= Norman Reddaway =

British civil servant and diplomat (1918–1999)

George Frank Norman Reddaway (2 May 1918 – 12 October 1999) was a British civil servant and diplomat.

== Career ==
The younger son of William Fiddian Reddaway (1872-1949), Professor of History at Cambridge University, Norman Reddaway attended King's College School, Oundle School, and later gained a Double First in Modern Languages at Cambridge. He joined the British army as a private on the outbreak of war in 1939. He spent most of the wartime years with the GHQ Liaison Regiment, leaving in 1946 with the rank of lieutenant-colonel. In 1946, after serving with the Allied Control Commission, he joined the British Foreign Office.

Under Under-Secretary of State Christopher Mayhew, Reddaway co-founded the Information Research Department (IRD), a secret Cold War propaganda department of the British Foreign Office. Mayhew and Reddaway had served together in GHQ Liaison Regiment.

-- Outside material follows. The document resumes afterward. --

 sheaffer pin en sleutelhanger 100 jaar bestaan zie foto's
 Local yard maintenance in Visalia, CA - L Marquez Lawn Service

Reddaway was also instrumental in providing anti-Communist propaganda in Indonesia during the 30 September Movement. The Foreign Office gave Reddaway a budget of £100,000 and told him "to do anything [he] could do to get rid of Sukarno". At the end of his career in the UK Foreign Office, he took charge of its information departments, which involved liaising with the BBC overseas services.

From 1974 to 1978, Reddaway was British Ambassador to Poland.

==Personal==
Norman Reddaway's son David also became an ambassador.